There are some common interfaces in most of the visitors. For example the following interfaces are common between almost all visitors:
get_result(): It returns the result of the visitor/algorithm.
pre(): It is called by DataFrame each time before starting to pass the data to the visitor. pre() is the place to initialize the process
post(): It is called by DataFrame each time it is done with passing data to the visitor.

See this document, DataFrameStatsVisitors.h, DataFrameMLVisitors.h, DataFrameFinancialVisitors.h, DataFrameTransformVisitors.h, and test/dataframe_tester[_2].cc for more examples and documentation.


Numeric Generators

Random generators, and a few other numeric generators, were added as a series of convenient stand-alone functions to generate random numbers (it covers all C++ standard distributions).

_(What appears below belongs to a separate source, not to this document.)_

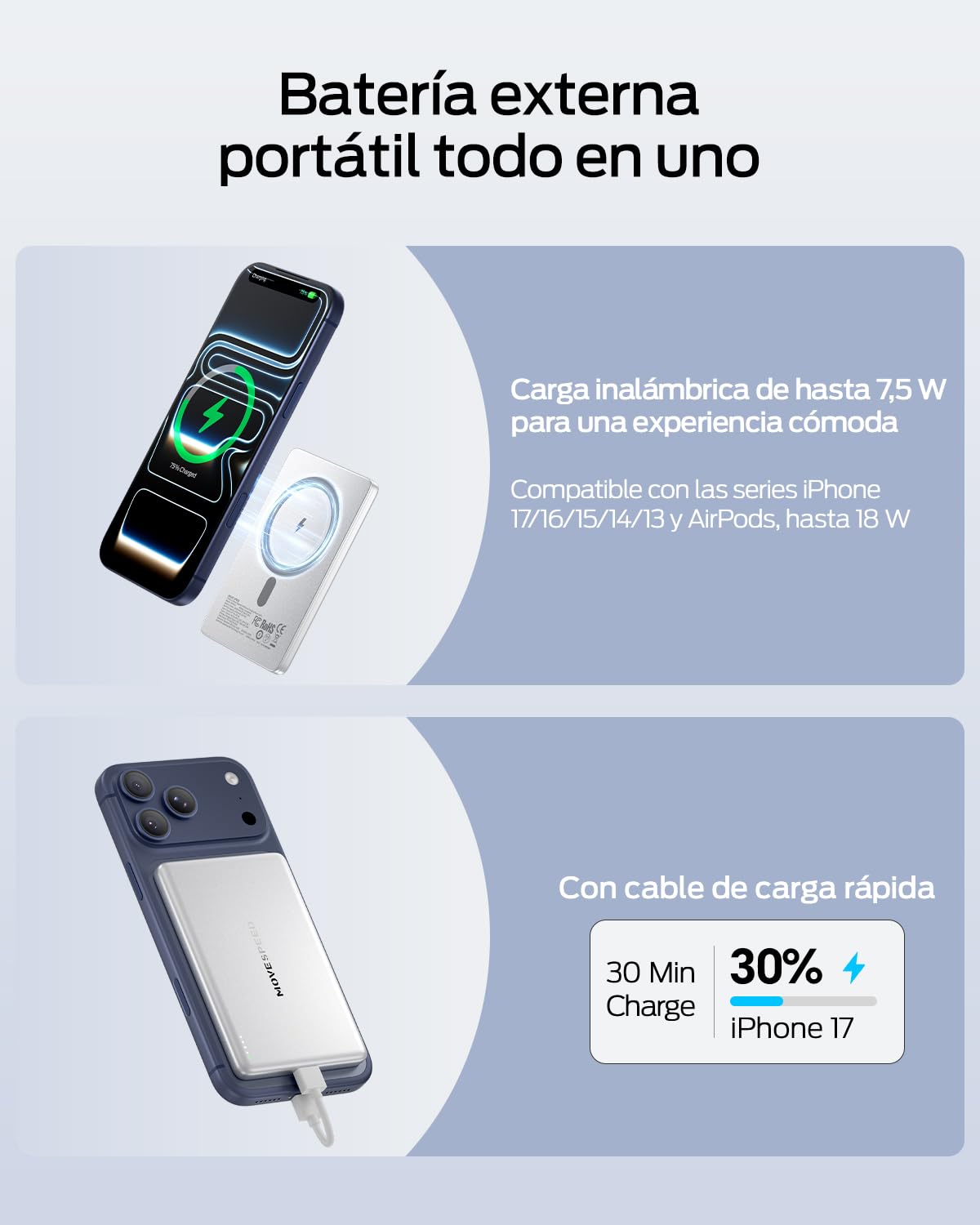 MOVE SPEED Magsafe Power Bank Magsafe Slim 5000mAh Magnetic Power Bank USB C 18W Wireless Mini Powerbank Metallgehäuse -Design Kompatibel mit iPhone 17/16/15/14/13/Galaxy (Perl Weiß 2026)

You can seamlessly use these routines to generate random DataFrame columns.
See this document and file RandGen.h and dataframe_tester.cc. For the definition and defaults of RandGenParams, see this document and file DataFrameTypes.h


Code Structure

The DataFrame library is almost a header-only library with a few boilerplate source file exceptions, HeteroVector.cc and HeteroView.cc and a few others. Also, there is DateTime.cc.

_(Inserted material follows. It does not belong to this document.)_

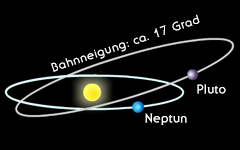 Neptun und Pluto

Starting from the root directory:

include directory contains most of the code. It includes .h and .tcc files. The latter are C++ template code files (they are mostly located in the Internals subdirectory). The main header file is DataFrame.h. It contains the DataFrame class and its public interface. There are comprehensive comments for each public interface call in that file. The rest of the files will show you how the sausage is made. Include directory also contains subdirectories that contain mostly internal DataFrame implementation. One exception, the DateTime.h is located in the Utils subdirectory

src directory contains Linux-only make files and a few subdirectories that contain various source codes.

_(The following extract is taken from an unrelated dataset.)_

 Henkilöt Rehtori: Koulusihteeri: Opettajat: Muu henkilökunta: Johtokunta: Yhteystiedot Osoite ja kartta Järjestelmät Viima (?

test directory contains all the test source files, mocked data files, and test output files. The main test source files are dataframe_tester.cc and dataframe_tester_2.cc. It contains test cases for all functionalities of DataFrame. It is not in a very organized structure. I plan to make the test cases more organized.


Build Instructions

Using plain make and make-files:
Go to the root of the repository, where license file is, and execute build_all.sh. This will build the library and test executables for Linux/Unix flavors only
Using cmake:
Please see README file. Thanks to @justinjk007, you should be able to build this in Linux, Windows, Mac, and more


Motivation

Although Pandas has a spot-on interface and it is full of useful functionalities, it lacks performance and scalability. For example, it is hard to decipher high-frequency intraday data such as Options data or S&P500 constituents tick-by-tick data using Pandas. Another issue I have encountered often is the research is done using Python, because it has such tools as Pandas, but the execution in production is in C++ for its efficiency, reliability and scalability. Therefore, there is this translation, or sometimes a bridge, between research and executions. Also, in this day and age, C++ needs a heterogeneous data container. Mainly because of these factors, I implemented the C++ DataFrame.
I welcome all contributions from people with expertise, interest, and time to do it. I will add more functionalities from time to time, but currently my spare time is limited.